I think I was alittle too heavy on the smoke, but still taste pretty good.
Next load, I think I'll smoke for two hour then toss in the dehydrator.

Thought I'd slice some cherry peppers in half and throw em in the dehydrator at 135 degrees


These took 24 hours!


And finally, strung up some cheyennes

acouple of small japs there too



Hopefully more will start ripening faster....got lotsa green ones yet!


----------



## muscleoverimport69 (Sep 16, 2008)

Those look very good. I am a big fan of the local jalepenos around here(N, Florida) Ill stuff em with cream cheese and shredded cheese and wrap in bacon and bake. I wanna try em in the smoker. Keep up the good work


----------



## chef_boy812 (Sep 16, 2008)

beautiful!!!!!

about how long would that stash last ya?

I just smoke dried my first batch too and they are gone already, spicy butt
	

	
	
		
		



		
			






Great Job


----------



## grothe (Sep 16, 2008)

Thanks Muscle!!

Chef_boy - I plan on doing more....Got lots!! Thanks!! And to you Sir, Congrats on knighthood!!


----------



## muscleoverimport69 (Sep 16, 2008)

I wasnt even paying attention to the name. Congrats again on your knighthood.


----------



## cowgirl (Sep 16, 2008)

Gene, your peppers look great!


----------



## solar (Sep 16, 2008)

Wow Gene, you have some nice looking heat going on there, are those for your personal use or do you plan on selling/sharing them?  

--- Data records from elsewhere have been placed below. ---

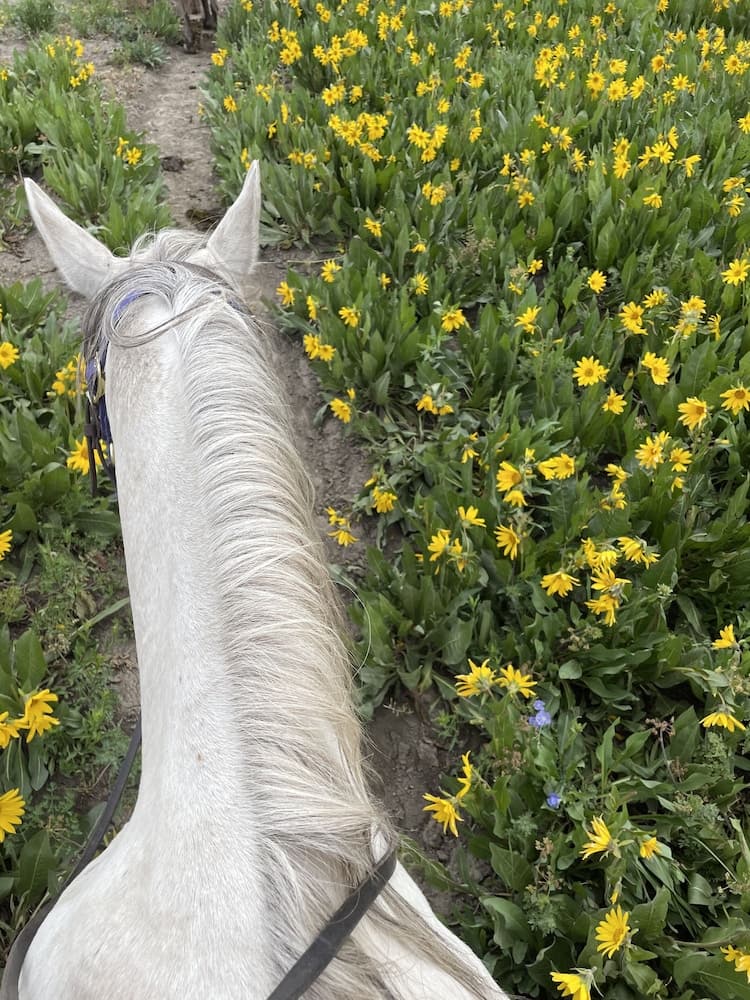Horseback riding
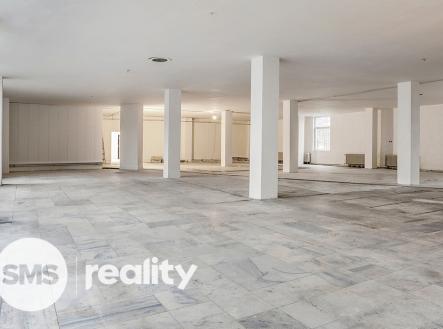Pronájem obchodní prostor, 691 m² obrázek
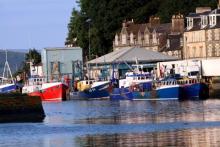 Tarbert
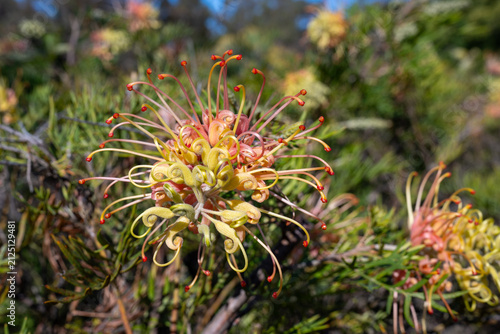 A vibrant Grevillea flower blooming in native Australian bushland under bright natural sunlight.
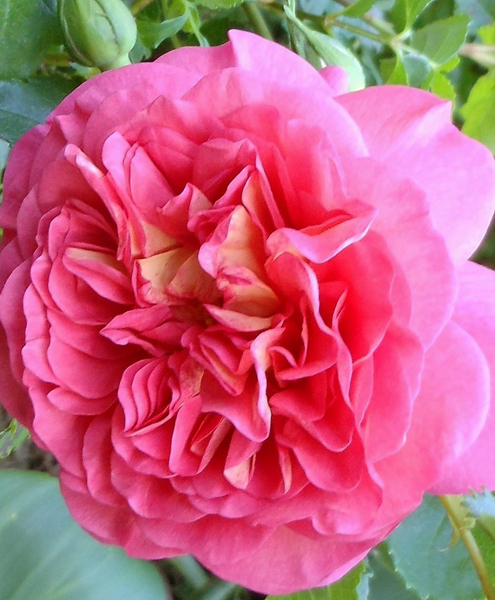 CHRISTOPHER MARLOWE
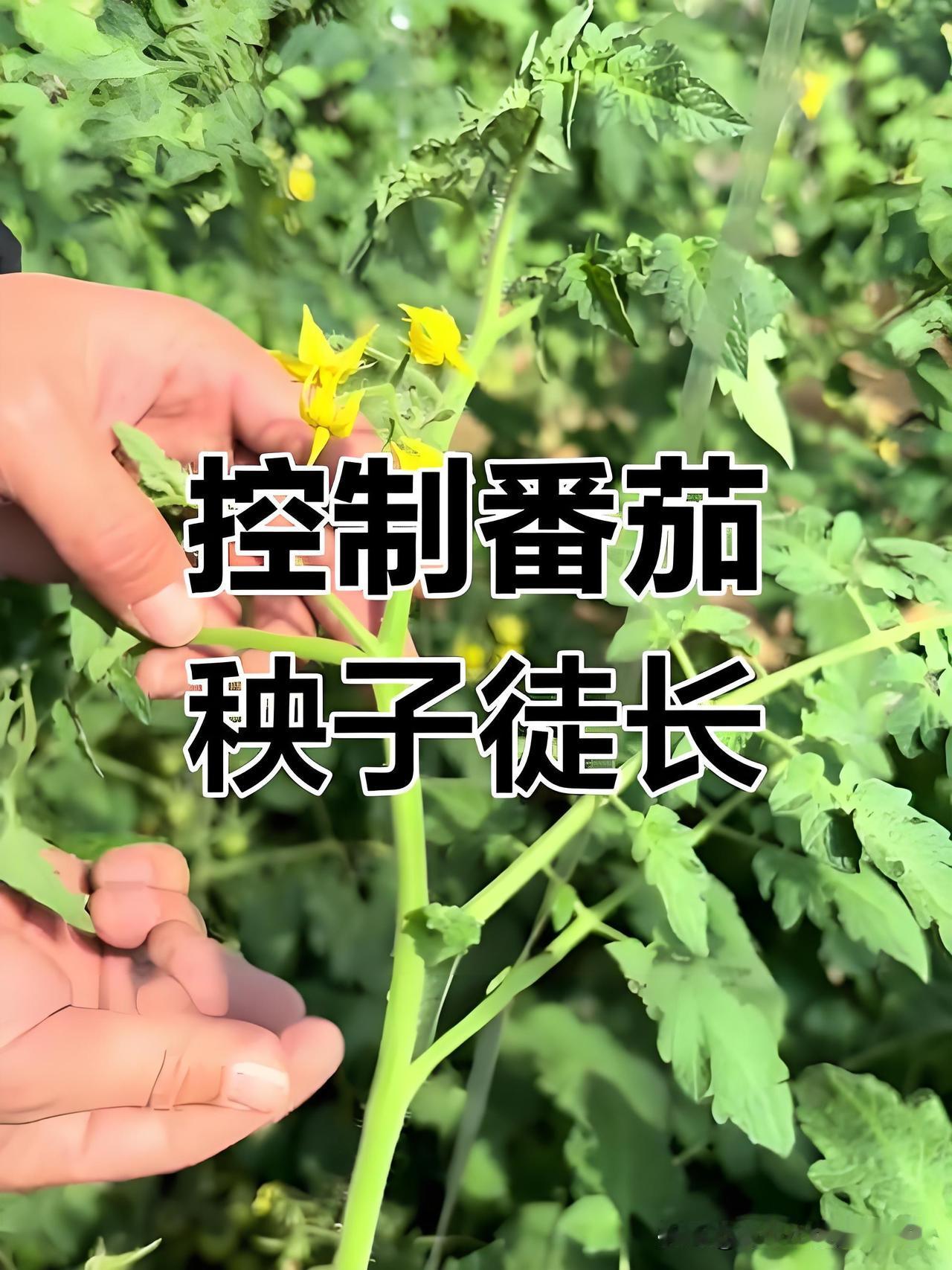 种菜两大误区，很多菜友都踩坑种菜为啥苗子看着旺，最后却不结果、产量低？多半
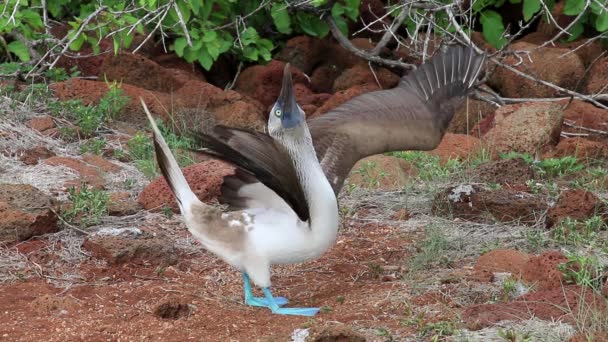 Booby Patas Azules Sula Nebouxii Isla Seymour Norte Parque Nacional — Vídeo de stock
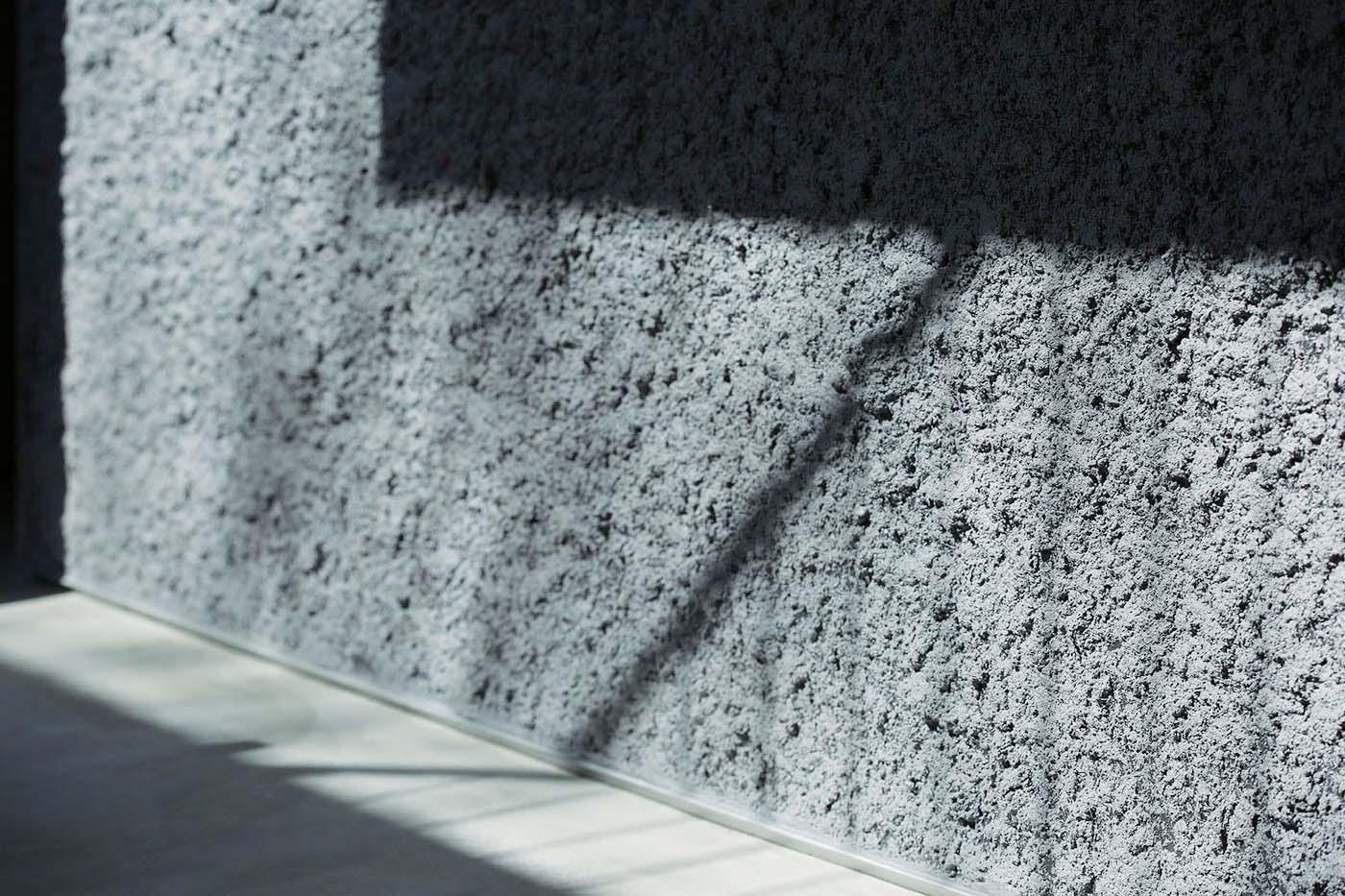 綺麗なお花と木々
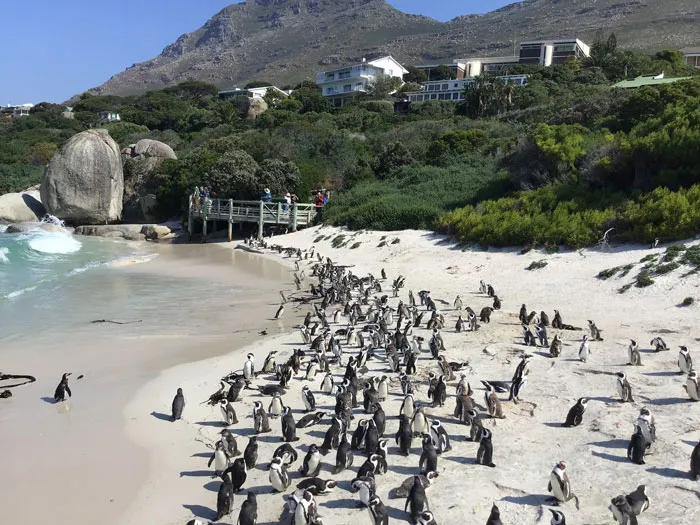36 Penguin Facts That Shed Some Light On These Awesome Birds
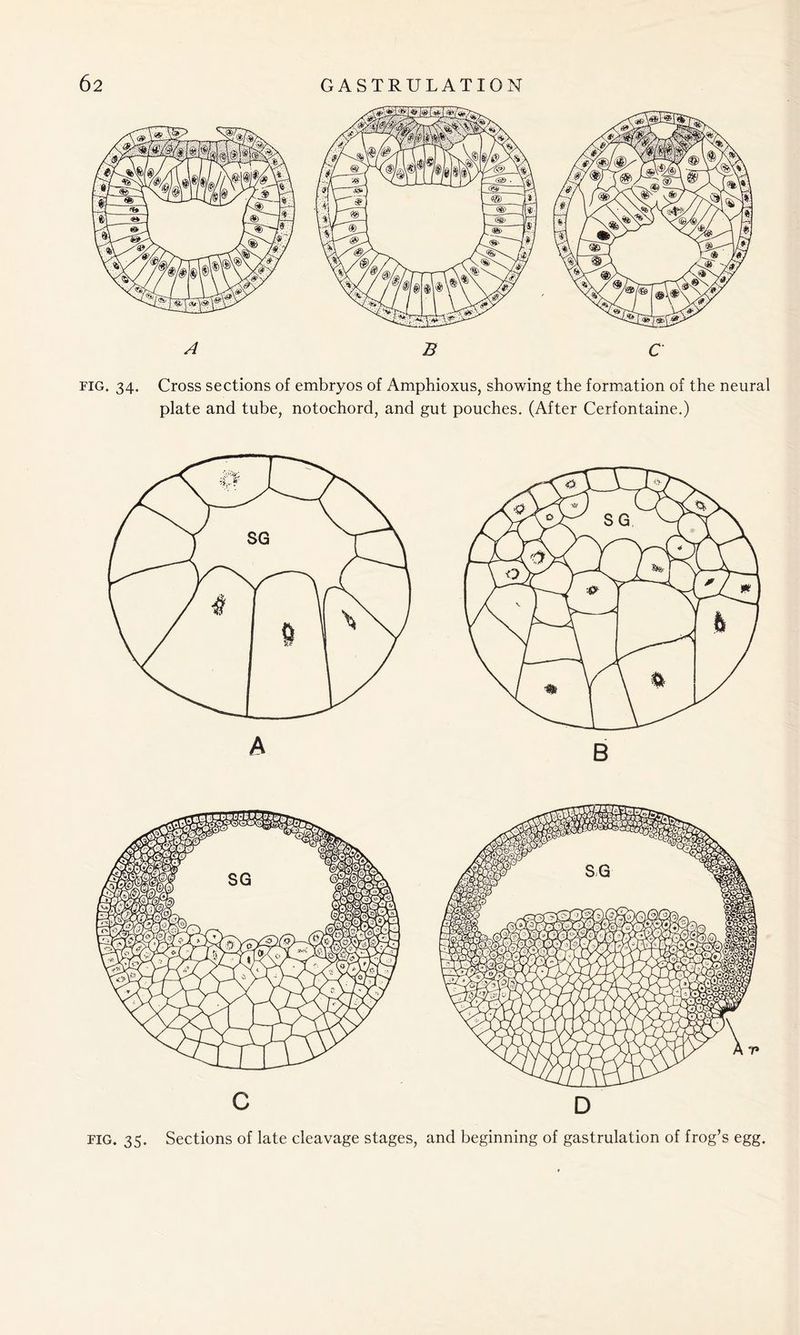 fig. 34. Cross sections of embryos of Amphioxus, showing the formation of the neural plate and tube, notochord, and gut pouches. (After Cerfontaine.) fig. 35. Sections of late cleavage stages, and beginning of gastrulation of frog’s egg.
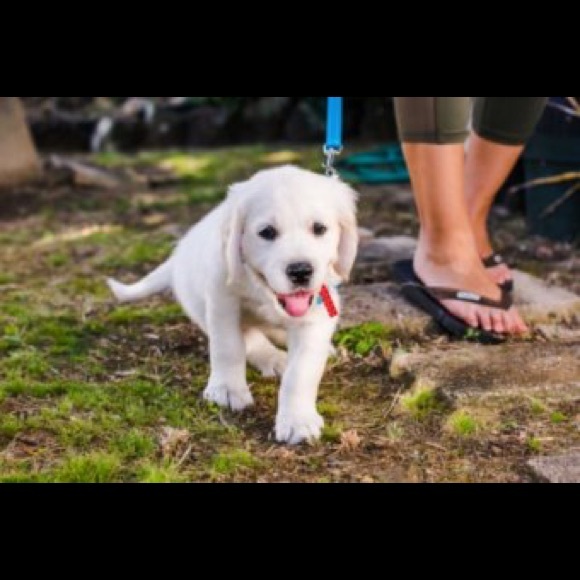 🐶 Pet Friendly Closet! - Picture 2 of 5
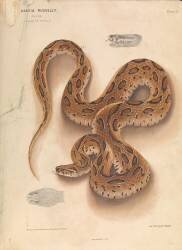 Snake (Joseph Fayrer) - Muzeo.com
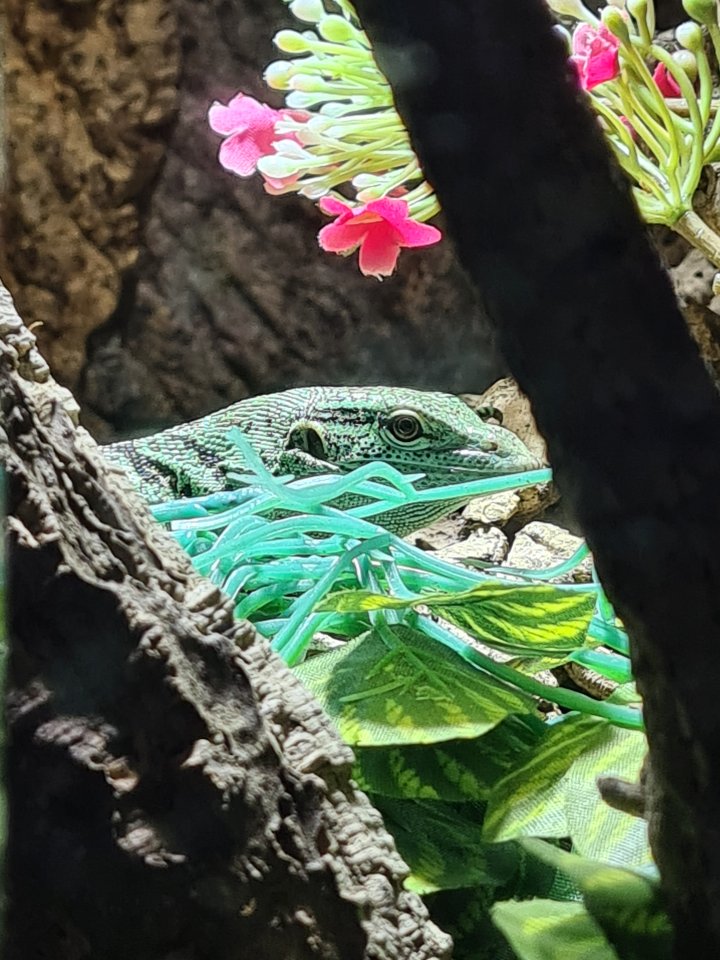 Smaragdwaran Veranus prasinus - Warane - Augsburg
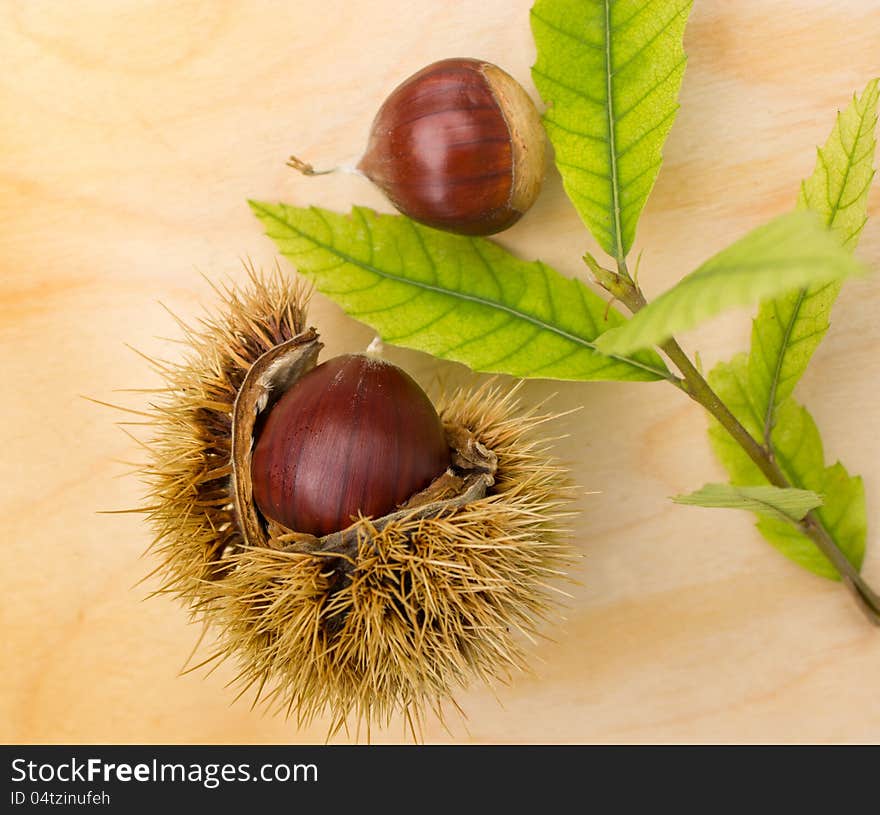 Fall has arrived with autumn forest fruits. Fall has arrived with autumn forest fruits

*Chef boy*, congrats as well!!


----------



## grothe (Sep 16, 2008)

Thanx Jeanie.....You're TOO kind!!

Solar - Never thought about it. I'll see what I end up with...I'm sure I'll have enough ta share. I'll just have try to stay on top o things LOL


----------



## richtee (Sep 16, 2008)

Cool!  Hey Grow- cut a slit in those japs that are hanging and spread 'em with a toothpick.


----------



## grothe (Sep 16, 2008)

Thanx Rich......Will Do!!


----------



## richoso1 (Sep 16, 2008)

Nice job my friend, thanks for the pics.


----------



## erain (Sep 16, 2008)

nice !! i used to string up jalepenos like you did and they would dryout just great. last time was about 2 years ago and i had such a crop i still usin them!!!! anyone make dill pickles outy there put a couple of dried jalepenos in the jar and they will give the jar some zing!!! great job Gene!!!


----------